In [3]:
import os
import pandas as pd
import numpy as np
import matplotlib.pyplot as plt
import seaborn as sns
from sklearn.discriminant_analysis import LinearDiscriminantAnalysis
from sklearn.model_selection import StratifiedKFold, LeaveOneOut
from scipy.spatial.distance import pdist, squareform
from matplotlib.patches import Ellipse
from scipy.stats import chi2
import matplotlib.colors as mcolors


# Function to evaluate models and save results
def evaluate_models(directory_path):
    csv_files = [f for f in os.listdir(directory_path) if f.endswith('.csv')]
    results = []

    for csv_file in csv_files:
        file_path = os.path.join(directory_path, csv_file)
        polymers = pd.read_csv(file_path)
        polymers_data = polymers[polymers["test"] == 1]
        y = polymers_data["sample"]
        x = polymers_data.drop(["test", "sample"], axis=1)

        # Determine the maximum number of components for LDA
        n_classes = len(y.unique())
        n_features = x.shape[1]
        max_components = min(n_classes - 1, n_features)

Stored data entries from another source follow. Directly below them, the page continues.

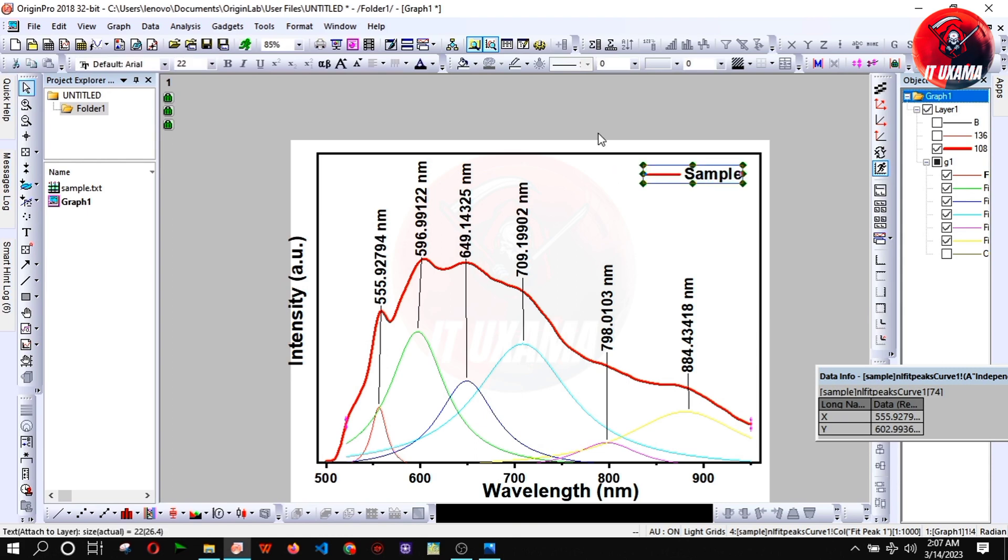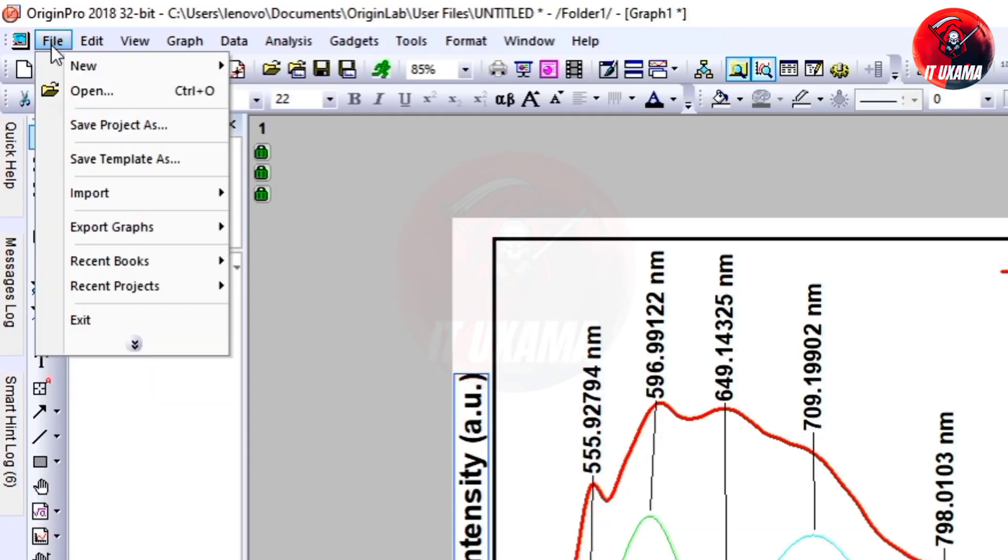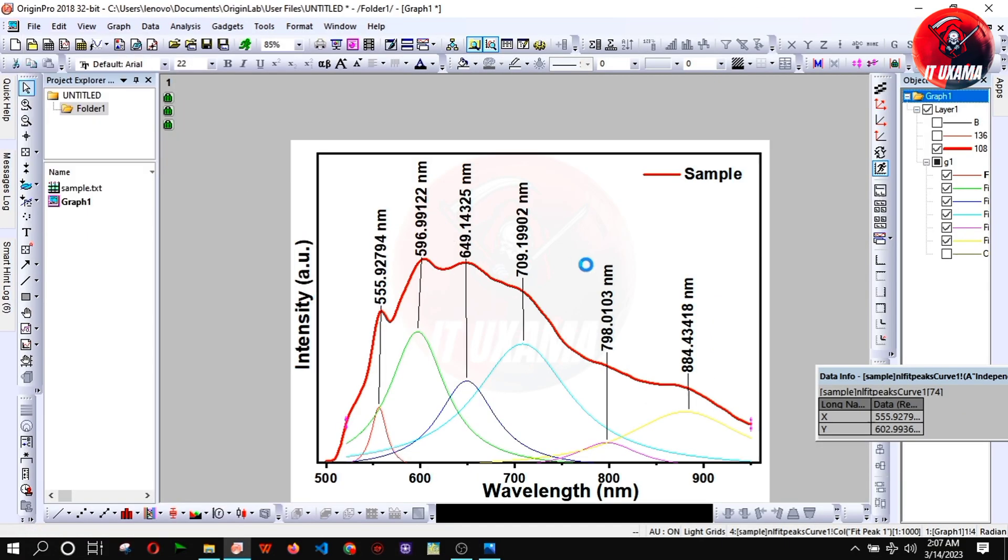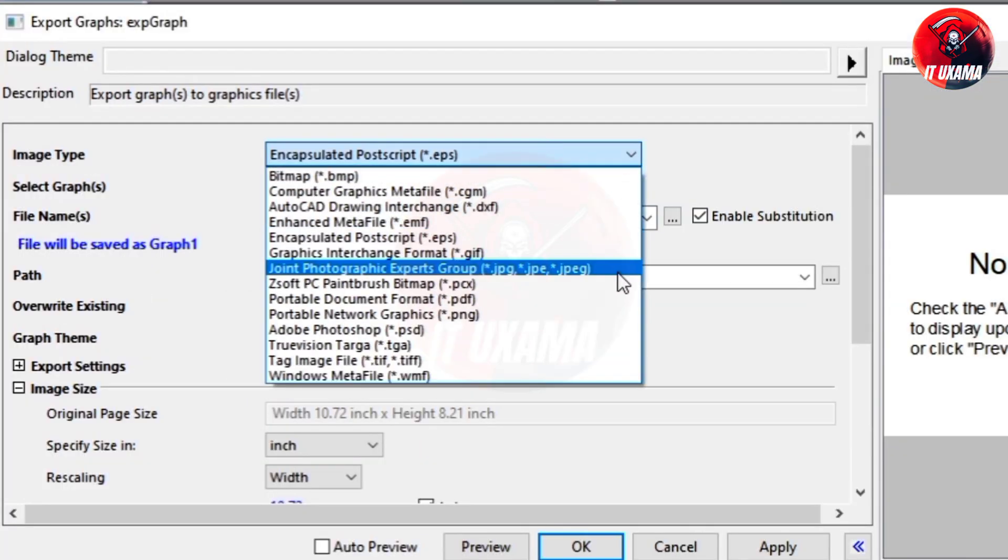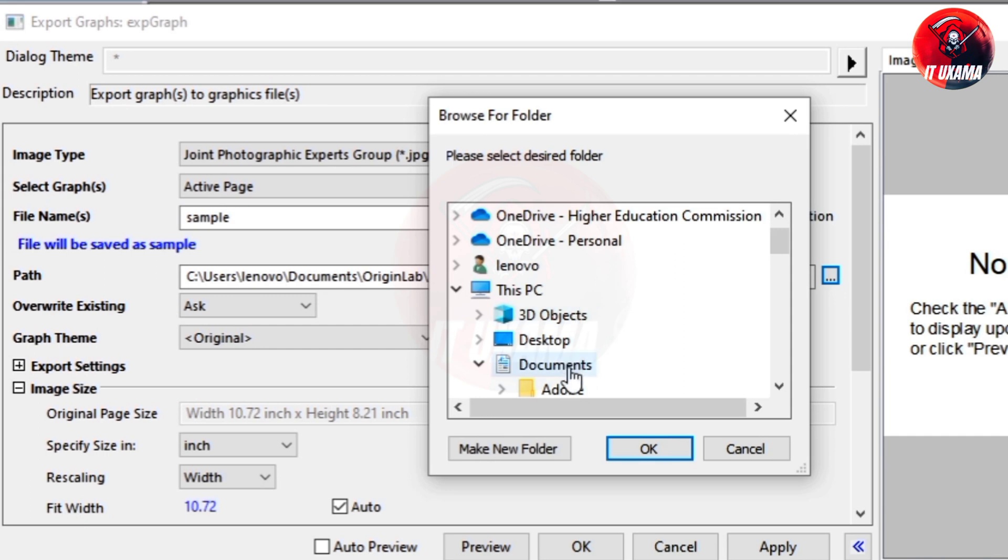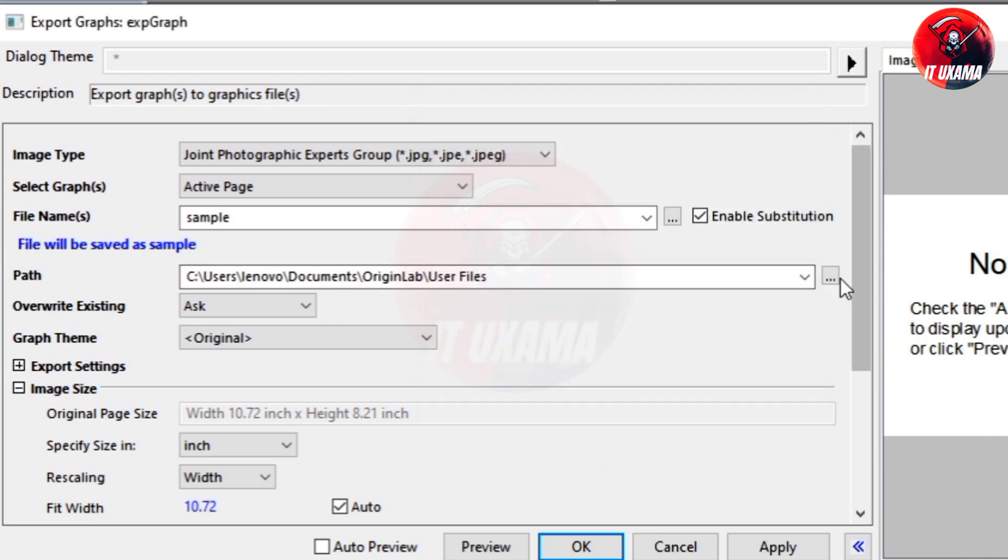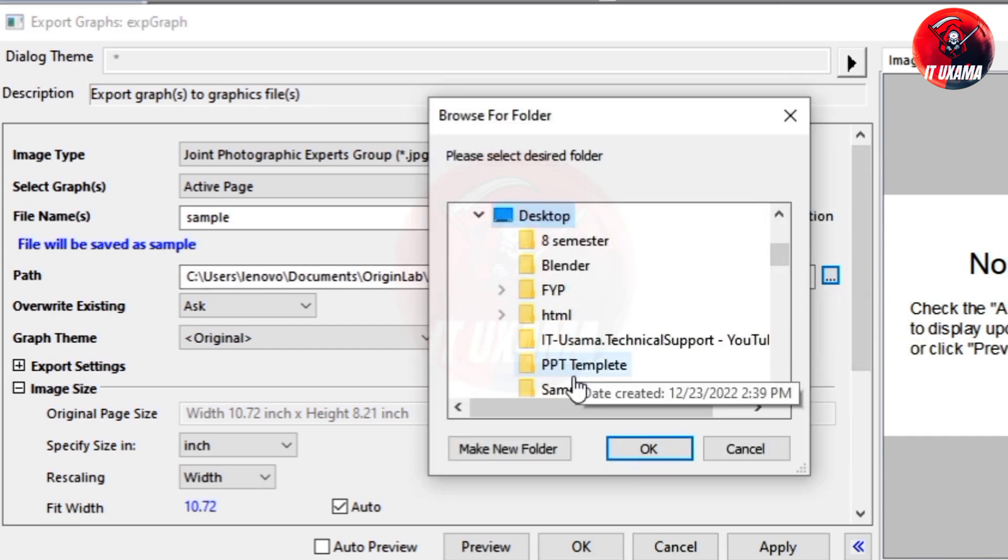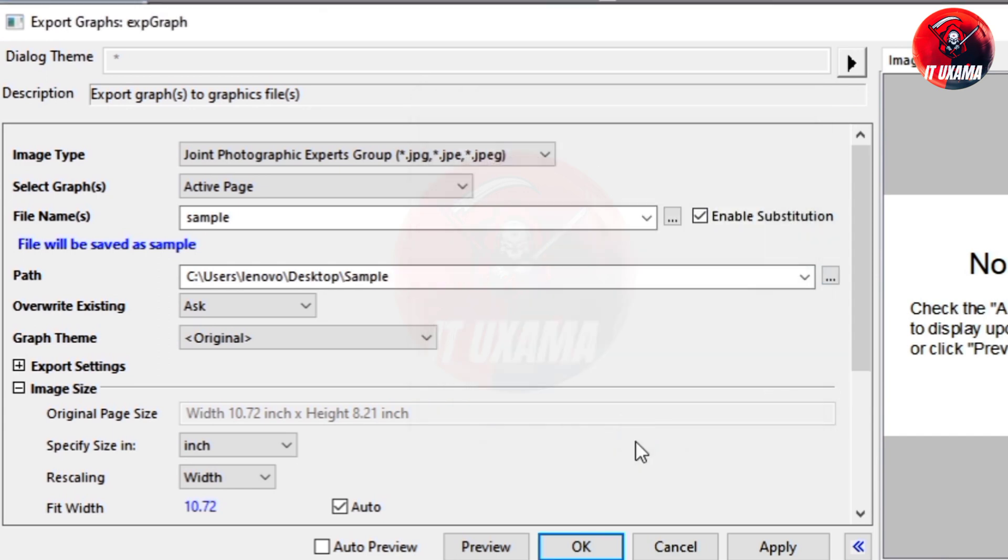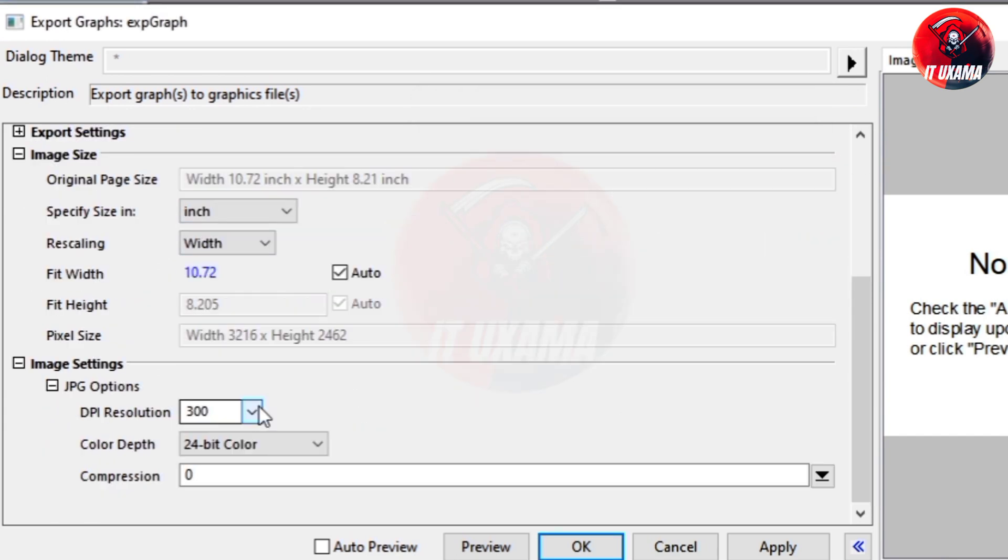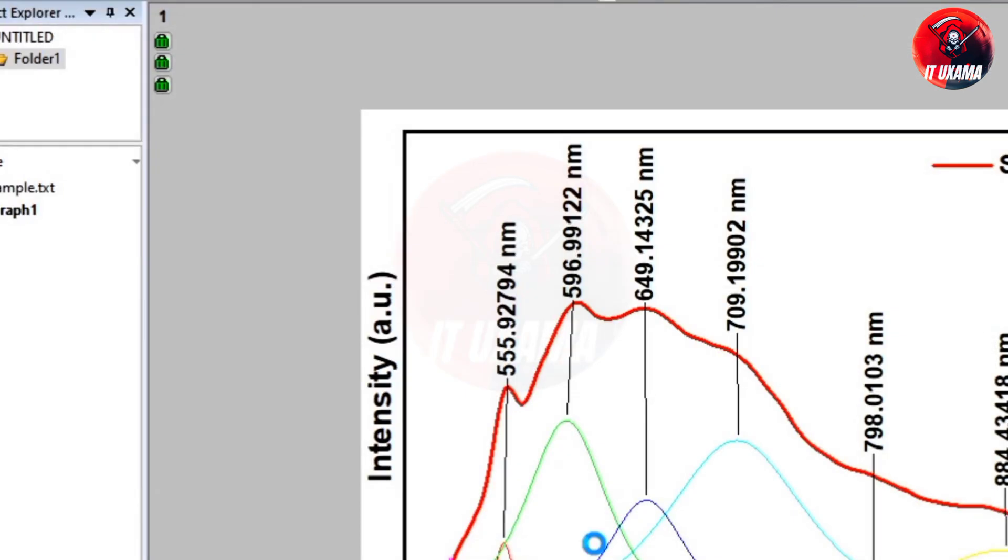You can also change the color of peaks and text according to their wavelength. In the last just go to file, export graph, open dialog. Change image type to jpg. Enter file name. Select location. Increase dpi resolution to 600. Press ok.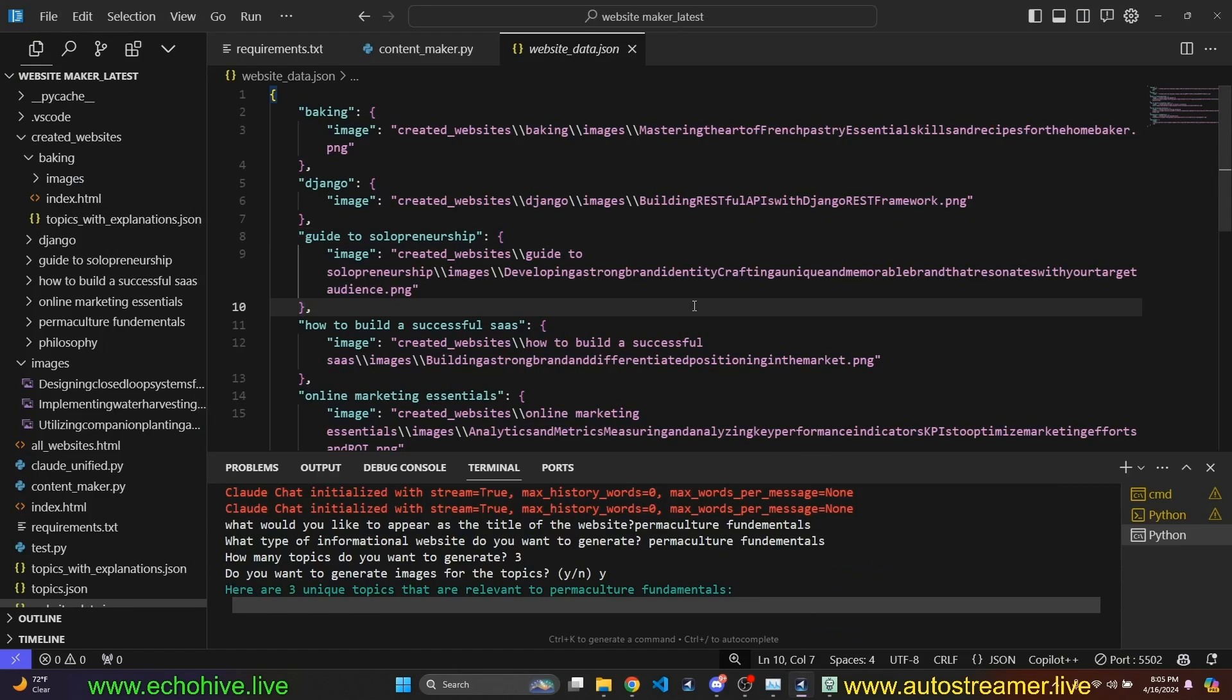And like I said, the code files will be available at Patreon. And I also have special tiers for one-on-one meetings with me, if that's something you're interested in. Thank you for watching and I'll see you in the next video.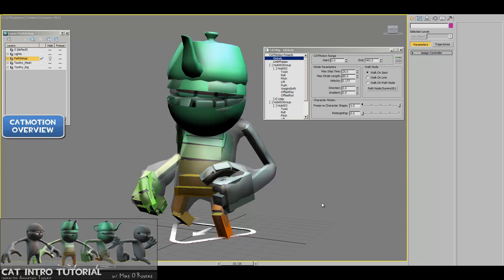Hello, this is Mike, and in this video we're going to be going through CatMotion, the Character Animation Toolkit's procedural motion generator.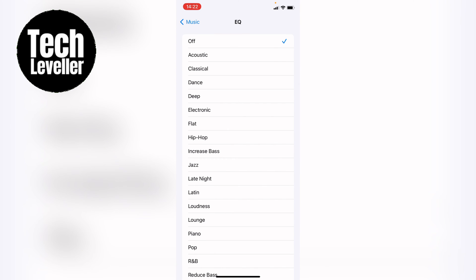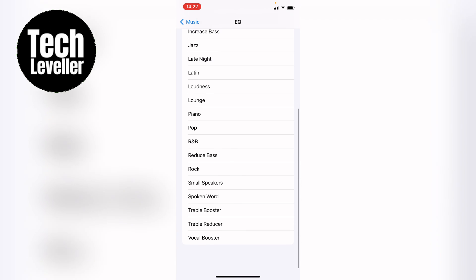We can tap into that, and then here in the EQ section, or the equalizer, you have all these different EQs to choose from. And you can choose them by tapping on them, or you can have it off at the top here.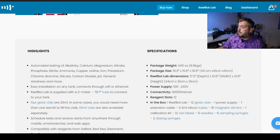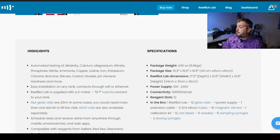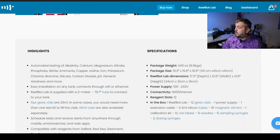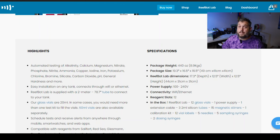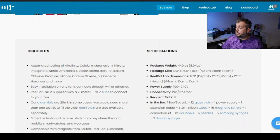But what is included with the ReefBot lab, so in the box you get one ReefBot lab, you get 12 glass vials, you get the power supply, an extension cable, you get 3 2 milliliter silicone tubes, you get 15 magnetic stirrers, 1 calibration kit, 12 vial labels, 5 needles, 5 sampling syringes, and 2 dosing syringes. No matter what side of the hobby you're on, salt water or fresh water, the ReefBot lab is just the tool that you need to test your aquariums automatically and get notified whenever your test results are in.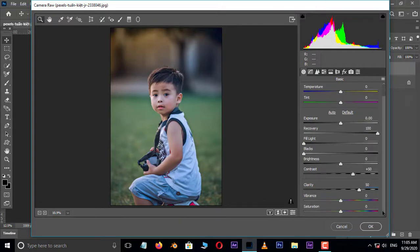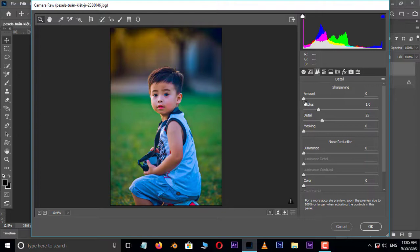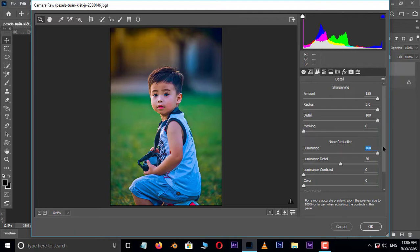Then go to Basic options and increase the Recovery to 100, also increase the Contrast to 50, Clarity to 50, Vibrance to 50, and Saturation to 50. Now go to Detail options and increase the Amount value to 150 in Sharpening options, and also increase the Radius to 3, Detail value to 100.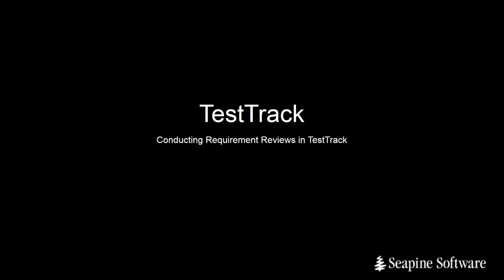Hi, my name is Gaurud Kruger and today we'll be taking a look at how to conduct requirement reviews in TestTrack.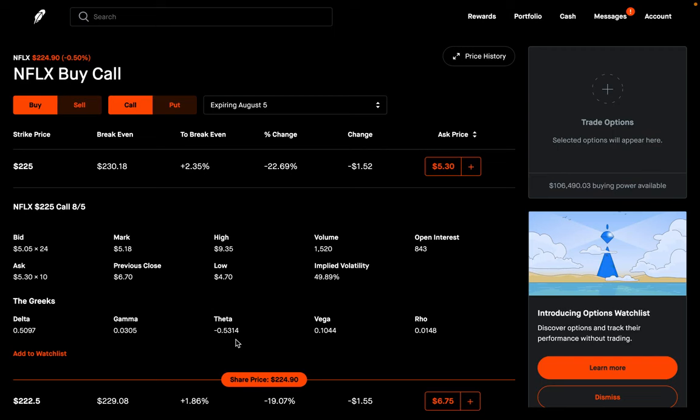That's a lot of money. And if you look at options like Tesla, for example, the theta can be as high as $400 or $500 in one day. So you can lose a lot of money just from theta decay. That's why in today's video I want to talk about three different ways you can avoid theta decay so you don't end up losing money just from time passing by. Let's get into the first way.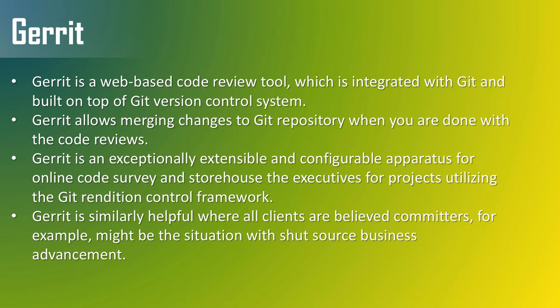Gerrit is similarly useful where all users are trusted committers, for example, as might be the case with closed-source business development.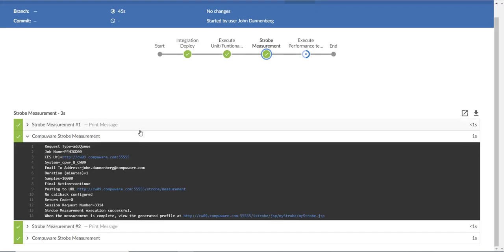You can see the job, the email, the duration, and other information I entered in the pipeline.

        # Perform Stratified K-Fold Cross-Validation
        stratified_kfold = StratifiedKFold(n_splits=5, shuffle=True, random_state=4)
        test_scores = []

        for train_index, test_index in stratified_kfold.split(x, y):
            X_train, X_test = x.iloc[train_index], x.iloc[test_index]
            y_train, y_test = y.iloc[train_index], y.iloc[test_index]
            
            lda = LinearDiscriminantAnalysis(n_components=max_components).fit(X_train, y_train)
            score = lda.score(X_test, y_test)
            test_scores.append(score)

        overall_accuracy = np.mean(test_scores)
        
        # Perform Leave-One-Out Cross-Validation (Jackknife)
        loo = LeaveOneOut()
        loo_scores = []

        for train_index, test_index in loo.split(x):
            X_train, X_test = x.iloc[train_index], x.iloc[test_index]
            y_train, y_test = y.iloc[train_index], y.iloc[test_index]
            
            lda = LinearDiscriminantAnalysis(n_components=max_components).fit(X_train, y_train)
            score = lda.score(X_test, y_test)
            loo_scores.append(score)

        average_score = np.mean(loo_scores)
        
        # Calculate centroids for each class
        x_scores = lda.transform(x)
        x_scores_df = pd.DataFrame(x_scores, columns=[f'Component {i+1}' for i in range(x_scores.shape[1])])
        x_scores_df['sample'] = y.values
        centroids = x_scores_df.groupby('sample').mean()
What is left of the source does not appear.